Definitions of disease activity are important to help define and identify appropriate treatment plans, with the aim of achieving disease remission
Juvenile idiopathic arthritis is more commonly referred to as JIA, and includes most types of arthritis seen in children. JIA is a type of inflammatory arthritis that causes pain and swelling in one or more joints. The aim for children with JIA is for them to feel better and to have no symptoms of arthritis. This is referred to as clinically inactive disease (sometimes shortened to CID). Doctors may keep changing treatments until children achieve clinically inactive disease. However, there is no single test for clinically inactive disease, so doctors rely on different criteria. The challenge is that we do not know which are the perfect criteria, and there are many different definitions of clinically inactive disease being used in children with JIA. The fact that there are multiple definitions does not matter unless they do not identify the same children as being in or out of clinically inactive disease. However, we know that these definitions use different measurements (see table below), so it is
possible that they may identify different children as being in or out of clinically inactive disease.
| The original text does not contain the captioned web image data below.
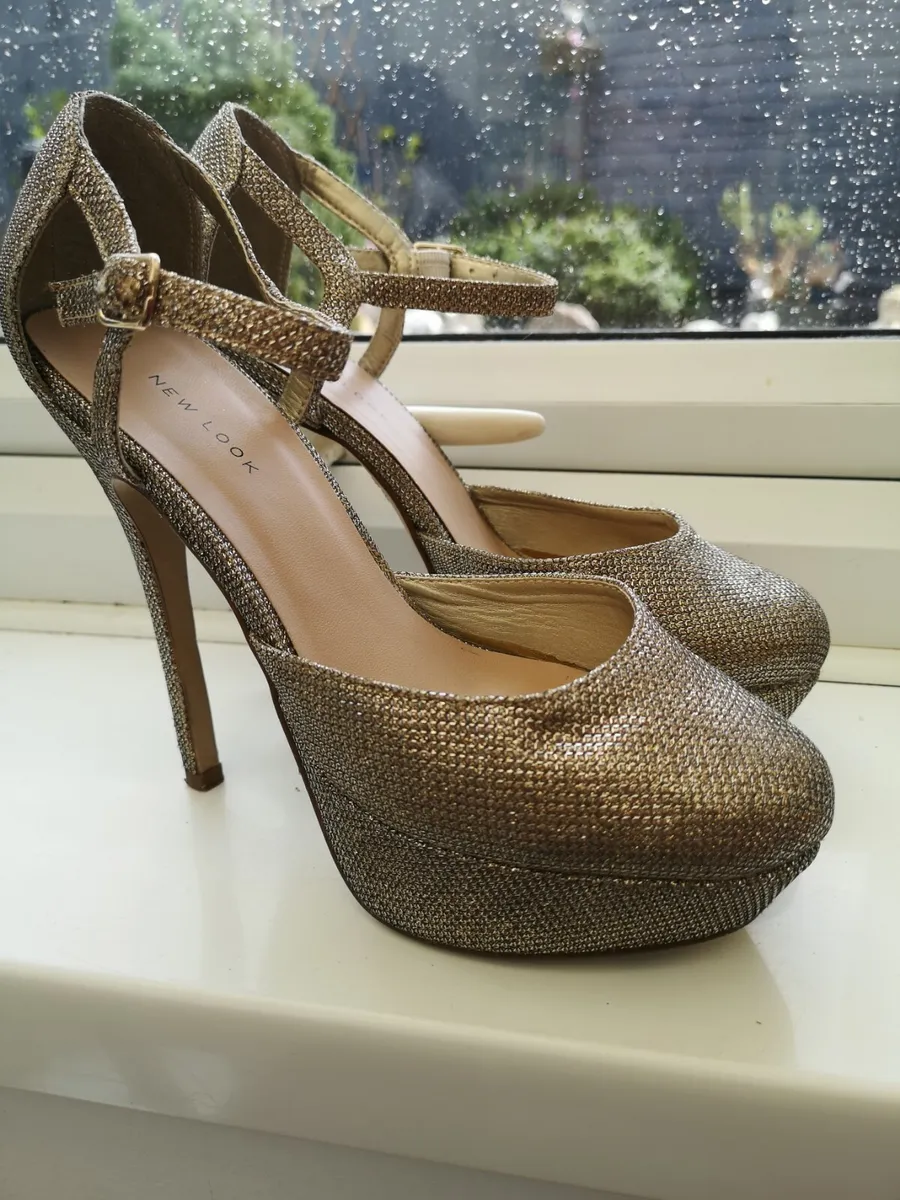 New Look Satin Platform Heeled Shoes | Platform shoes heels, Fashion shoes  flats, Fashion shoes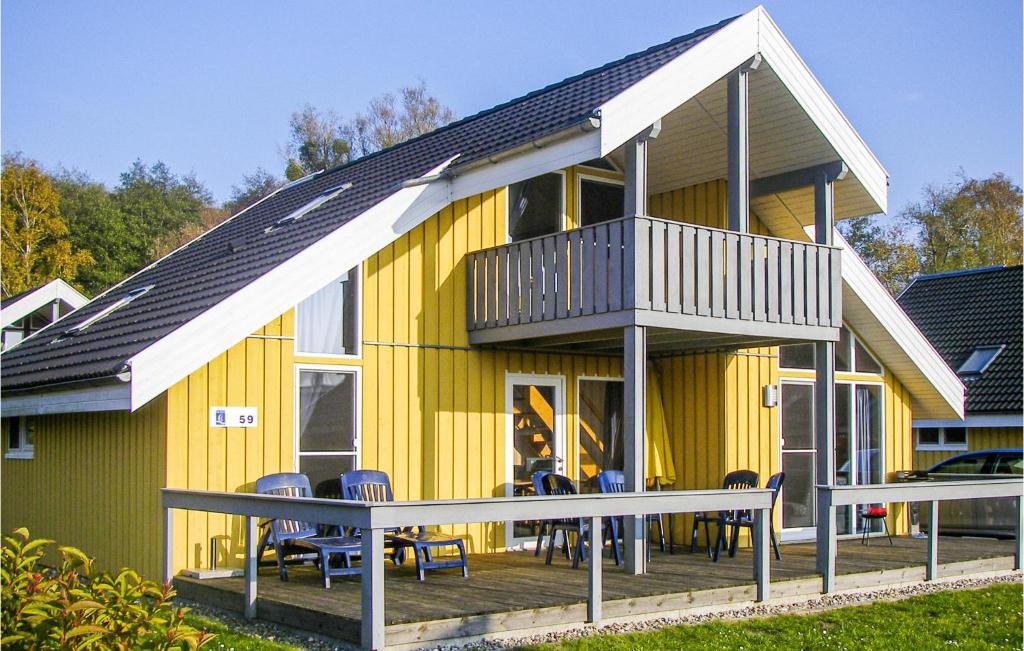 Nice Home In Rechlin With 2 Bedrooms, Sauna And Wifi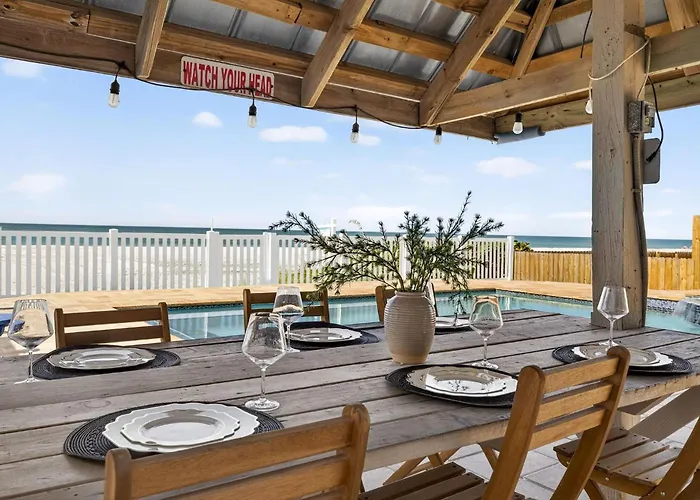 Holiday home Sunshine's Hideaway *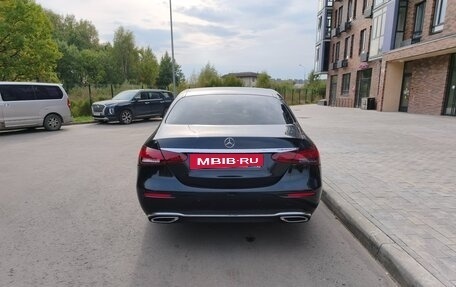 Mercedes-Benz E-Класс, 2021 год, 2 450 000 рублей, 5 фотография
|Name of the clinically inactive disease definition||Do they use tests
carried out by doctors?
|Do they use doctors’ opinions?||Do they use parents’
and patients’ opinions?
|Do they use the ESR*
*The ESR blood test (or erythrocyte sedimentation rate test) measures how fast red blood cells fall to the bottom of a test tube. The quicker they fall, the more likely it is that the person has high levels of inflammation. This is called a marker of inflammation.
JADAS stands for Juvenile Arthritis Disease Activity Score and cJADAS is the ‘clinical Juvenile Arthritis Disease Activity Score’. Both the JADAS tools used in this study looked at disease activity in 10 joints.
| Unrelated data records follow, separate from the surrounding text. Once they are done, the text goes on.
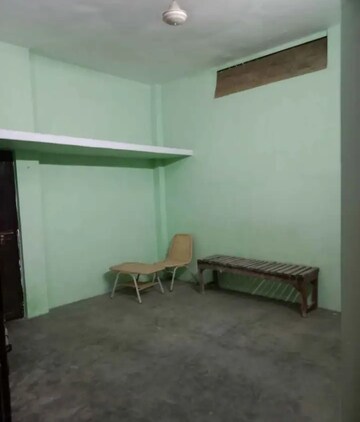 1 BHK Villa For Rent in Aliganj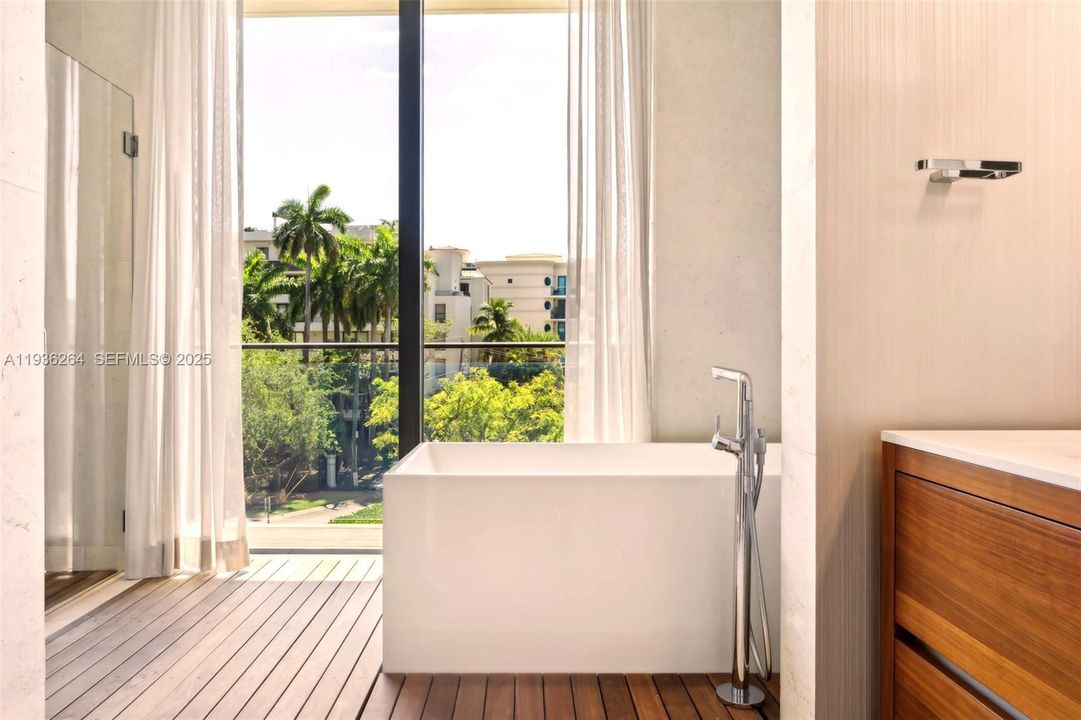 For Sale: $3,650,000 (3 beds, 4 baths, 2453 Square Feet)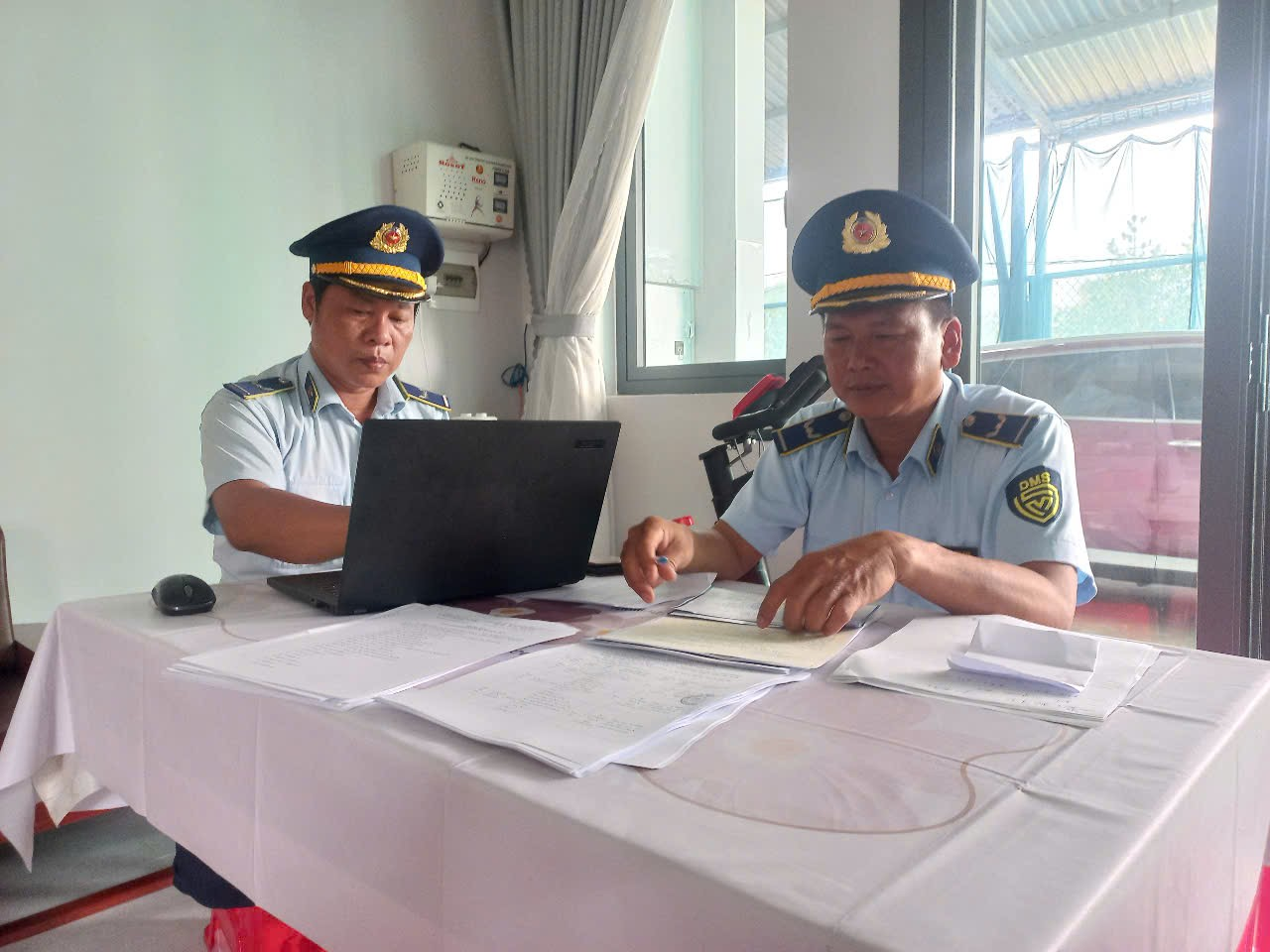 Xử phạt 1 trường hợp vi phạm về điều kiện kinh doanh phân bón, thuốc bảo vệ thực vật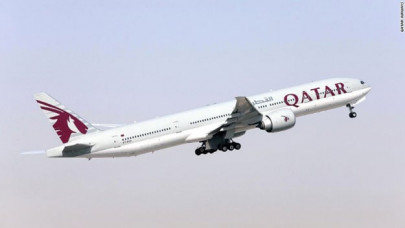 qatar airways launches two seats one great offer for its award winning business class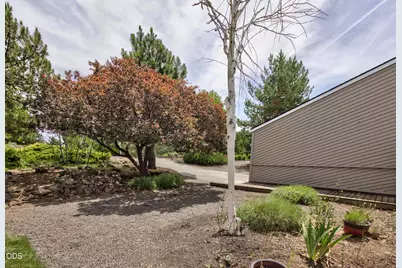 61145 Ladera Road, Bend, OR 97702 - Photo 13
What did the authors hope to find?
The authors wanted to compare the definitions in the same group of children with JIA, at the same point in their disease, to see if the different definitions would give the same answer about each child.
Who was studied?
The study included 1415 children with JIA who were part of the Childhood Arthritis Prospective Study (CAPS) at seven hospitals in the United Kingdom. CAPS follows children from their first hospital visit for JIA for up to 10 years. Most of the children studied were female and had fewer than five swollen joints at their first appointment.
How was the study conducted?
This study looked at the information available on all children 1 year after their first visit to hospital. The researchers applied a number of different definitions to see whether or not each child was in clinically inactive disease. Then they compared the groups of children identified by each definition.
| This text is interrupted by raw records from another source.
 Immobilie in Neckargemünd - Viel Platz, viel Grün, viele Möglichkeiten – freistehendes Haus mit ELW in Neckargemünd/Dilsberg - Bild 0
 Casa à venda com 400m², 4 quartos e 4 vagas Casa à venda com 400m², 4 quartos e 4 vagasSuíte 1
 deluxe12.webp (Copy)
What were the main findings of the review?
Fewer than half of children were in clinically inactive disease at 1 year, meaning that many still had evidence of ongoing signs or symptoms from their arthritis despite their treatment. Around two in five children achieved clinically inactive disease according to the JADAS definitions, which included both doctor and patient or parent input. The two JADAS definitions picked up nearly the exact same group of children. Given than one needed a blood test to measure markers of inflammation and the other did not, we can say that this test is probably not necessary for telling if a child achieved clinically inactive disease according to these definitions. Fewer children (around one in four) achieved clinically inactive disease according to the Wallace definition, which included an assessment by a doctor, but not by the patient or parent. Unlike before, very different groups were picked up by this definition compared with the JADAS definitions. The main difference between the groups was the patient/parent rating of wellbeing. Children in clinically inactive disease according to doctor input only (Wallace preliminary) had worse wellbeing than those in clinically inactive disease according to both doctor and patient/parent input (JADAS10/cJADAS10).
Are these findings new?
Yes. This is the first study to apply these definitions of clinically inactive disease in a single group of children with JIA, at the same point in their disease. It shows that not all definitions identify the same groups of children with JIA as being in or out of a state of clinically inactive disease. This is important, especially when doctors use the definitions to make decisions about treatment. The findings also suggest that a blood test may not be needed to test for clinically inactive disease.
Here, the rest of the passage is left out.